Temima Silver grew up in a predominantly Jewish environment in Ottawa — but when she entered public high school she realized antisemitism wasn’t as far away as she thought.
That experience was among the reasons that made her decide to enlist as a lone soldier for the Israeli Defence Force, (IDF), where she has been for more than a year.
“The idea to enlist came to mind when an Israeli friend at the time mentioned how he was going to enlist after high school,” said Silver, who is 20 years old. “Initially I was enrolled in university but once COVID hit, it made me take a step back from my life and realize what I wanted my future to look like.”
Silver realized that if she didn’t enlist then, she never would.
When she went to Israel, she said it was a “shock” — with little mastery of Hebrew and almost no experience in the country, Silver said there were “a lot of tears.”
“It’s been a lot of crying,” she said. “But I made some of the greatest friends and had experiences that I couldn’t get anywhere else. I will forever be thankful for that.”
National military service is mandatory for all Israeli citizens over the age of 18. A “lone soldier” is a soldier in the IDF with no family in Israel to support them.
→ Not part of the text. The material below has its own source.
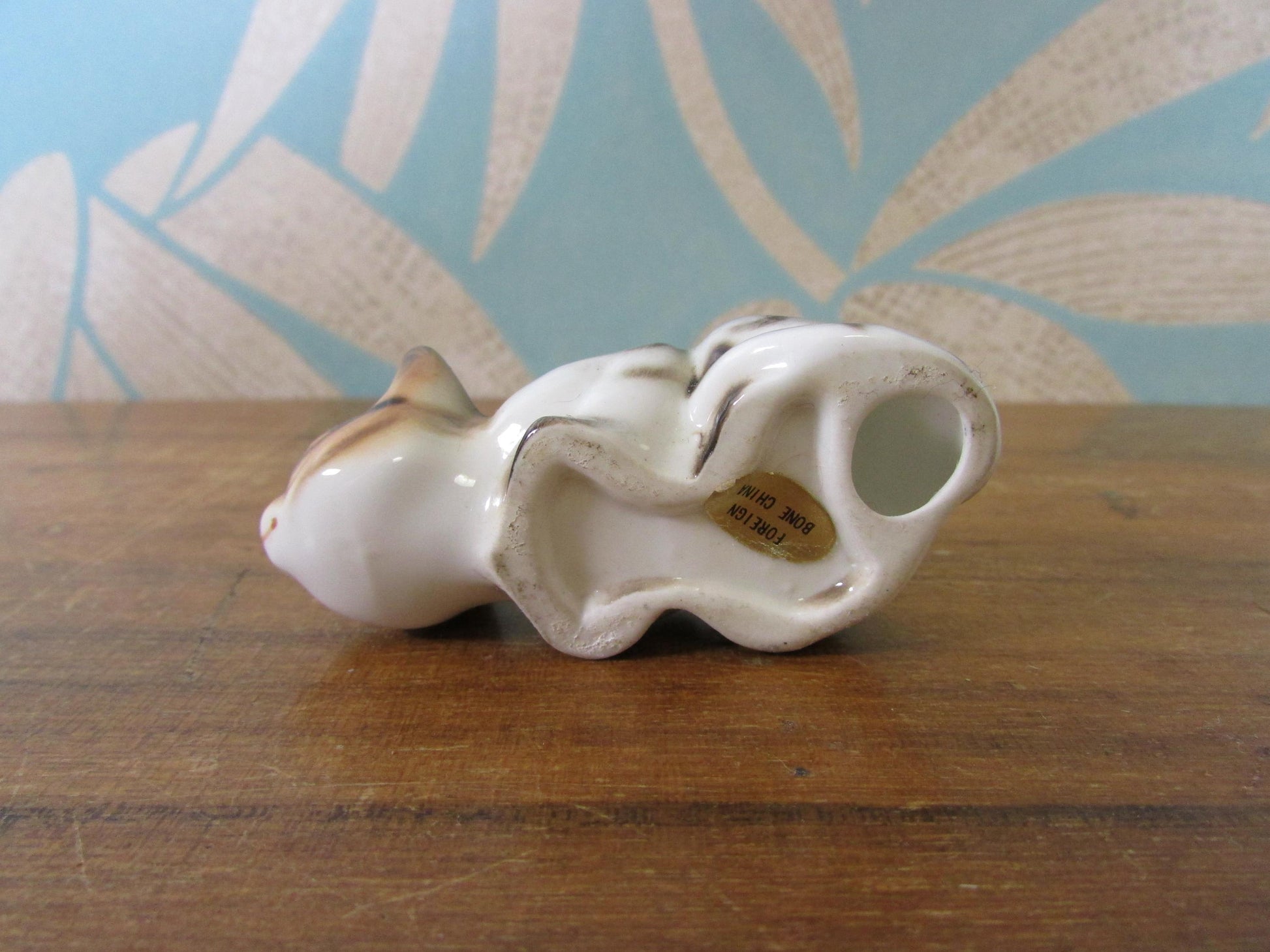 Trio of vintage bone china kittens, labelled Foreign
There are more than 7,000 lone soldiers currently serving in the IDF. About 45 per cent of these soldiers are new immigrants, coming from Jewish communities all over the world — like Silver.
Silver is currently a checkpoints combat soldier, which means she stands at West Bank checkpoints, like near Ramallah, and ensures everyone entering the country is permitted to do so.
Unlike Israeli soldiers who can go home on the weekends, lone soldiers often have no support systems in place.
“I’m normally not a home sick person but the culture shock makes it really hard not to be,” said Silver. “I have received a lot of support since being here.”
Silver previously lived with an Israeli host family, but currently lives with other lone soldiers in a shared apartment.
“Nefesh Bnefesh for Lone Soldiers has been great for financial support and events, but I’ve also received a lot of kindness from random people on Facebook who give away things like beds and couches,” said Silver. Old friends in Israel also helped her set up a bank account and work through the army medical process.
“Being one of five kids, I check in every once in a while through a large family group chat,” said Silver. “Luckily, I was able to visit Ottawa for a month, after a year of service, but otherwise it’s just been surrounding myself with friends who are also lone soldiers to express our mutual feelings of culture shock and missing home.”
Silver said she is still processing what her experiences as a lone soldier and how they will affect her world view.
“I hope to gain a new perspective on the world and perspective on how tough things in my life may seem versus how tough they really are,” she said. “Also a perspective on the Israeli-Palestinian conflict and what it means to constantly be surrounded by it. Overall, I hope to come out with more understanding and to be mentally strong.”
Silver has another six months before completing her term as a soldier, but is considering staying longer. She encourages others to make the leap to enlist as well.
“You’re in for one of the hardest, craziest periods of time in your life,” she said. “But at the end of the day, when you get to look back at the experience you had, you will be amazed at what you were able to do.